Lots of people ironically put the Getty watermark on pictures and memes that they make to satirically imply that they are pulling stock photos off the internet with the printscreen function instead of paying for them.
Memes generally would not fall under the category of non-copyrighted material; they’re most of the time extremely copyrighted material just being used without permission. And even a wholly original work an artist sarcastically puts a Getty watermark and then licensed under Creative Commons or something would fall into very murky territory – the Getty watermark itself is the intellectual property of Getty. The original image author might plead fair use as satire, but satirical intentions aren’t really a defence available to DALL-E.
So even if we’re assuming these were wholly original works that the author placed under something like a Creative Commons license, the fact that it incorporated an image they had no rights to would at the very least create a fairly tangled copyright situation that any really rigorous evaluation of the copyright status of every image in the training set would tend to argue towards rejecting as not worth the risk of litigation.
But the more likely scenario here is that they did minimal at best filtering of the training set for copyrights.
You could argue that mocking the Getty logo like that is some form of fair use, which would be a backdoor through which it can end up as a legitimate element of a public domain work, in which case it would be fair game.
I agree with you that it is also possible that people posted Getty thumbnails to some sites as though they are public domain, and that is how the AIs learned the watermark.
Fair use does not make a work public domain; it merely helps the creator of the derivative work defend their case in court.

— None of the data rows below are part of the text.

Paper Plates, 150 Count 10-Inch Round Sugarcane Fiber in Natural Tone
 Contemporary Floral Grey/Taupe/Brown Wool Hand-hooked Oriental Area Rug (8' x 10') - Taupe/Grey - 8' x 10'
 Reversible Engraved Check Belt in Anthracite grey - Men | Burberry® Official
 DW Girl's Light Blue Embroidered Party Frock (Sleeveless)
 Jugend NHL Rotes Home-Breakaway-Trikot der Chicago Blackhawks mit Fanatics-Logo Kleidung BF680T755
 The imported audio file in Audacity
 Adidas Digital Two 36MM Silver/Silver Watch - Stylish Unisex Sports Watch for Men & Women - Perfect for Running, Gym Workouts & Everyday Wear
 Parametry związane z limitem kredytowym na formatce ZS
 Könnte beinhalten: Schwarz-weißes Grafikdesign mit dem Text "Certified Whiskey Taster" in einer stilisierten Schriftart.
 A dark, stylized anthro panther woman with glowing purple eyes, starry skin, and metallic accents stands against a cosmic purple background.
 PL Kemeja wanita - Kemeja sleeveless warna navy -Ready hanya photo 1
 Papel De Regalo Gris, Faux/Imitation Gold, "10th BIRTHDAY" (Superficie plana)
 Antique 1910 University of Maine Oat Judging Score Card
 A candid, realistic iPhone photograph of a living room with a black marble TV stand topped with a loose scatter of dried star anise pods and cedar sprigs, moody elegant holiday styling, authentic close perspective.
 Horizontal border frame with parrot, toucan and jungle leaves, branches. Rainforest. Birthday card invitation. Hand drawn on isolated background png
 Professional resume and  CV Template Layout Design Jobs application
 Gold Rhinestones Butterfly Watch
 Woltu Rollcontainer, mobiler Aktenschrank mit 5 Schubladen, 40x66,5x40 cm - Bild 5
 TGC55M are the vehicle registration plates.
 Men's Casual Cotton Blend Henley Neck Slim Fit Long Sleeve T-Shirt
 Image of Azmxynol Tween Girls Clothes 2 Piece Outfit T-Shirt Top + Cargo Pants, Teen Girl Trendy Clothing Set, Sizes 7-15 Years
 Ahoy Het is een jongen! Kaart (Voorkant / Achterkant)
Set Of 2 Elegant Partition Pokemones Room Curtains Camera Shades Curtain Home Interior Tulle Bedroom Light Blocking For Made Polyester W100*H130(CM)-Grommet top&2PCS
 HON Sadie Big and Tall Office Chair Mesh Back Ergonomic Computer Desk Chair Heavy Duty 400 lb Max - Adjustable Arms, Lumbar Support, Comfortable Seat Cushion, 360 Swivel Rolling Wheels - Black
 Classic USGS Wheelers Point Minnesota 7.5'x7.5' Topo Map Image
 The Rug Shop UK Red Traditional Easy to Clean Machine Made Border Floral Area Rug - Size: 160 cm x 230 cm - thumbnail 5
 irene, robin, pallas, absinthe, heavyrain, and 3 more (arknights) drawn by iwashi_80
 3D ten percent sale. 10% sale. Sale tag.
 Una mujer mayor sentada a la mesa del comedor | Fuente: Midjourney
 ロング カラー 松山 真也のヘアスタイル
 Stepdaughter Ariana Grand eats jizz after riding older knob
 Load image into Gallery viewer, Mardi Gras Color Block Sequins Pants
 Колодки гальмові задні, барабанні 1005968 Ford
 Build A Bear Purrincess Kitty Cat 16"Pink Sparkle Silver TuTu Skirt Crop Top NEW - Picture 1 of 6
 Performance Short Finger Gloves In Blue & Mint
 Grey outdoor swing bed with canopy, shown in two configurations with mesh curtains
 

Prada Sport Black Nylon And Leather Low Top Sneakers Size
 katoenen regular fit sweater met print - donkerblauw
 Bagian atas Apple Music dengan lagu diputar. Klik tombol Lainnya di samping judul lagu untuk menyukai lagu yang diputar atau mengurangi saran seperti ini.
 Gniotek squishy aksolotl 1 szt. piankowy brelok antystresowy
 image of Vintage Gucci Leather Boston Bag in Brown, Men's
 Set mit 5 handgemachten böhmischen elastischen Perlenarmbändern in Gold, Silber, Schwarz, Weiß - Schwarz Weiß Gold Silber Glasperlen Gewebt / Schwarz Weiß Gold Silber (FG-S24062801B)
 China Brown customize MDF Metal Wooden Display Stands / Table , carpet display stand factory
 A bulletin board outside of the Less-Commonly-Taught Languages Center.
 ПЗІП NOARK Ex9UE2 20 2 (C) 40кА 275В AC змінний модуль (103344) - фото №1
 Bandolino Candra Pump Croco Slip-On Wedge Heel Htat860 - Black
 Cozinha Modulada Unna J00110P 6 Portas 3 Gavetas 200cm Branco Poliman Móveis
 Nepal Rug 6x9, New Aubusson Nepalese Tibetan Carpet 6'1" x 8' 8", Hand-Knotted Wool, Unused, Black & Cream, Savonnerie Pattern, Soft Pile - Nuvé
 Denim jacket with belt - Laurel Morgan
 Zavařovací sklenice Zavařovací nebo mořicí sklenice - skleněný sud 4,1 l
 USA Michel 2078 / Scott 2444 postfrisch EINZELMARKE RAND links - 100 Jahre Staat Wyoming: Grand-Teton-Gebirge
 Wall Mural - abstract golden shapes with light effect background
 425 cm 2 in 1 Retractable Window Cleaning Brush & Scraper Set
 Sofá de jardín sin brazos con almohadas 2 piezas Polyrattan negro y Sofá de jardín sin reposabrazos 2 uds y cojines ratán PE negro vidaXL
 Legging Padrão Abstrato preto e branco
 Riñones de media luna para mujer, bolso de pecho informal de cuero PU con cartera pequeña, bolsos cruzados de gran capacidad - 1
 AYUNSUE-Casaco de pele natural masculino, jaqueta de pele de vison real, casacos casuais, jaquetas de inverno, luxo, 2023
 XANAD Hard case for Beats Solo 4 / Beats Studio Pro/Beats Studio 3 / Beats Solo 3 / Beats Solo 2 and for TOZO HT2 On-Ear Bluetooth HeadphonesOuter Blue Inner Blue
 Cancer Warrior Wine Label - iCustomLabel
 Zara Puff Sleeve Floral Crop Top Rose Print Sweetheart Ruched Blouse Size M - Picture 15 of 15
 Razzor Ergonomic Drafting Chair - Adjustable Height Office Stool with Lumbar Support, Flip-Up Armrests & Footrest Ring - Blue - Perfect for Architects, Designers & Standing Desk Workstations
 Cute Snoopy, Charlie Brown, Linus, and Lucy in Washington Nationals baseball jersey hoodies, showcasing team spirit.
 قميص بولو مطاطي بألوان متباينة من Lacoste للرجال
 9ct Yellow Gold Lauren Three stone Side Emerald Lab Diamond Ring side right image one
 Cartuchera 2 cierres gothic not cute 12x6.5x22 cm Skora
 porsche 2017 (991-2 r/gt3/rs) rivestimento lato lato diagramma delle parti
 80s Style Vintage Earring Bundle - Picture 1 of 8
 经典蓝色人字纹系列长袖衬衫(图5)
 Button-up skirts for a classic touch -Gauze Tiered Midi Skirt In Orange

But neither the original nor the derivative becomes public domain after a successful fair use defense.
Not a lawyer, of course, but I think slapping the Getty logo on a work claiming "fair use" and then releasing the work under public domain would be a case of misrepresentation, because Getty still has a copyright claim on your work. Regardless of the copyright status, it's still a clear trademark violation to me.
You can produce a public domain work using content that you have fair use rights to. The original owner of the content you are using fairly has no claim of ownership. You would have to assert that right in court if the owner of the copyright came after you, but that does not preclude the possibility of making a public-domain work with other copyrights used in fair use.
Obviously, that would not entitle anyone to rip those elements from your work and use them in a way that was not fair use. The Getty watermark could fall into this category: public domain pictures using the watermark fairly (for transformative commentary/satire purposes) could go into the network, which uses that information to produce infringing images.
Trademarks are a different story, but trademark protections are a lot narrower than you might think.
The point is that it's very conceivable that the neural network is being trained to infringe copyrights by training entirely with public-domain images.